Argued: Decided: November 29, 1926

No. 357.
[272 U.S. 576, 577]   Messrs. John Holley Clark, Jr., and Charles E. Buchner, both of New York City, for appellant.

Messrs. John A. Garver and William L. Ransom, both of New York City, for appellee.

Mr. Justice McREYNOLDS delivered the opinion of the Court.

In Newton v Consolidated Gas Company, 258 U.S. 165 , 42 S. Ct. 264, decided March 6, 1922, this court held that chapter 125, Laws N. Y. 1906, which prescribed an 80 cent per 1,000 feet gas rate, had become confiscatory and should not be enforced. Thereafter the New York Public Service Commission made careful investigation of the property and operations of appellee and prescribed a rate not exceeding $1.15 per 1,000 for gas of 537 British thermal units, effective October 1, 1922, to continue for one year. Acceptance of this order, the company now claims, consummated a binding agreement with the state. The Legislature, by an act approved June 2, 1923 (Laws 1923, c. 899), effective immediately, directed that thereafter in New York City not more than $1 per 1,000 feet should be demanded for gas of 650 British thermal units.

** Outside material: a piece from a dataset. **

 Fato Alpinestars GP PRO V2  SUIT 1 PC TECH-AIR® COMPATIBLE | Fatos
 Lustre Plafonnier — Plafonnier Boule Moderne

By an original bill in the United States District Court, Southern District of New York, wherein the Public Service Commission and the Attorney General of that state were the defendants, appellee attached the Act of June 2, 1923, as confiscatory, and prayed for an injunction prohibiting enforcement thereof. It also asked that the act be adjudged void, because enforcement would impair the [272 U.S. 576, 578]   company's contract with the state under the commission's order, contrary to article 1, section 10, of the federal Constitution, further, that the act be declared invalid because of the impossibility of supplying immediately and with safety to consumers gas of 650 thermal units. Answers followed, and the matter went to a master, who took much proof, found the value of the property dedicated to public use, cost of operation, the impossibility of furnishing safely gas of the prescribed standard, etc. He reported the $1 rate would not yield a fair return upon such property, estimated according to any reasonable standard, and therefore recommended that the act be declared confiscatory and unenforceable. He further recommended that it be declared invalid because in conflict with article 1, section 10, also because compliance therewith was practically impossible. The court confirmed this report without material modification, adjudged as recommended and granted the injunction prayed for. Consolidated Gas Co. of New York v. Prendergast (D. C.) 6 F.(2d) 243.

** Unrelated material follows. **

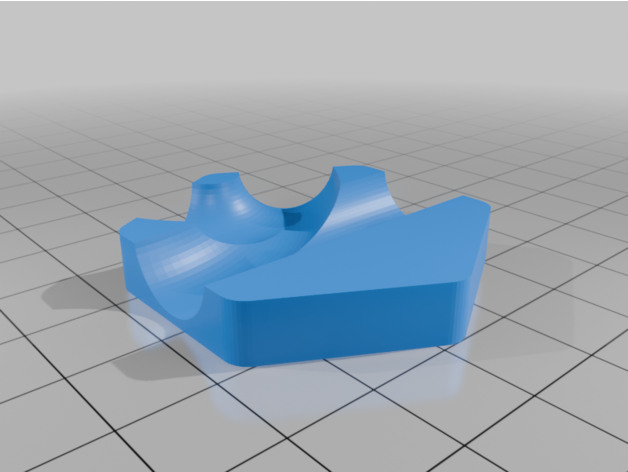 MK Tasarımı Tarafından Mermer Yolu İçin Sürekli Uzatma Eklemesi - Görsel 4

The commission, wisely, we think, declined to ask review here of the final decree. The Attorney General sued out a broad, separate appeal. His petition therefor alleges:

    'That in substance the decree restrains the defendants from enforcing in any way chapter 899 of the Laws of 1923 of the state of New York and declares that said statute violates or is in contravention of section 10 of article 1 and of the Fourteenth Amendment of the Constitution of the United States.'

There is an enormous record. Seventyone assignments of error assail rulings of the court and question many of the master's actions and conclusions.

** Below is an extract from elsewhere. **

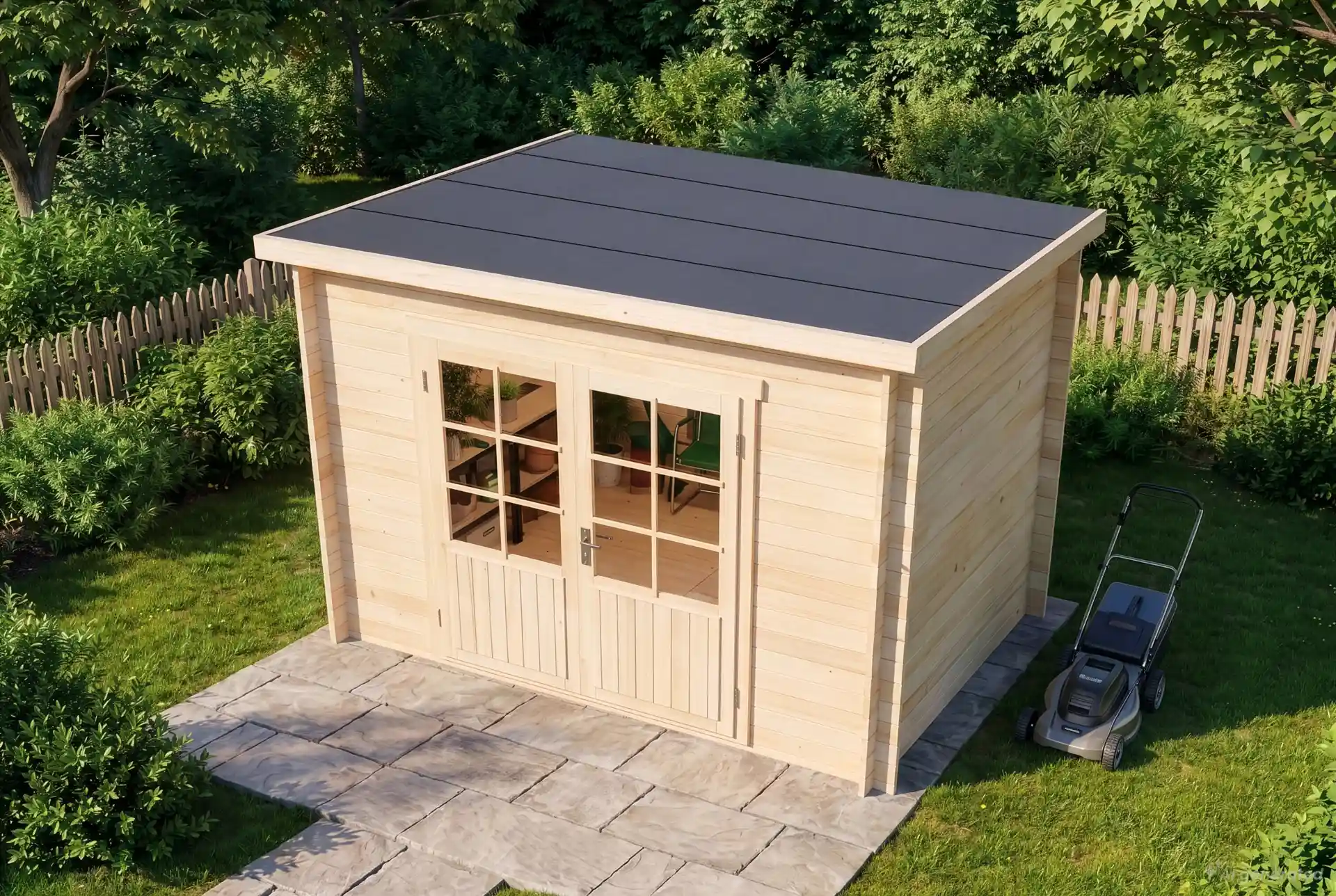 pultdach-gartenhaus-maria-281783-L1-1-00041-0-5056x3392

Although somewhat oracular-as in the lines which make solemn declaration concerning the position which this court must ultimately take regarding valuations in rate cases-and too much burdened with unimportant dissertations, the report of the master contains a valuable analysis of the relevant evidence and clear statements [272 U.S. 576, 579]   concerning values. It also sets out distinctly what the evidence discloses as to the cost of production, expenses of the business, etc. He concluded that the prescribed rate of $1 per 1,000 feet would not yield a return of 6 per centum, and was therefore confiscatory. With this conclusion the court below agreed, and we find nothing whatever suggested by the Attorney General in brief or oral argument which would justify material modification or reversal of the final decree, in so far as it so adjudges and directs appropriate injunctions.

As the statute is clearly confiscatory, and therefore invalid under the Fourteenth Amendment, it was unnecessary for the trial court to consider other objections thereto, and we have not done so.

The decree of the District Court will be modified, by excluding therefrom those parts which declare the act invalid for any reason except that enforcement would result in confiscation. Thus modified, it is affirmed. All costs of the appeal will be taxed against appellant.

Mr. Justice BRANDEIS concurs in the result.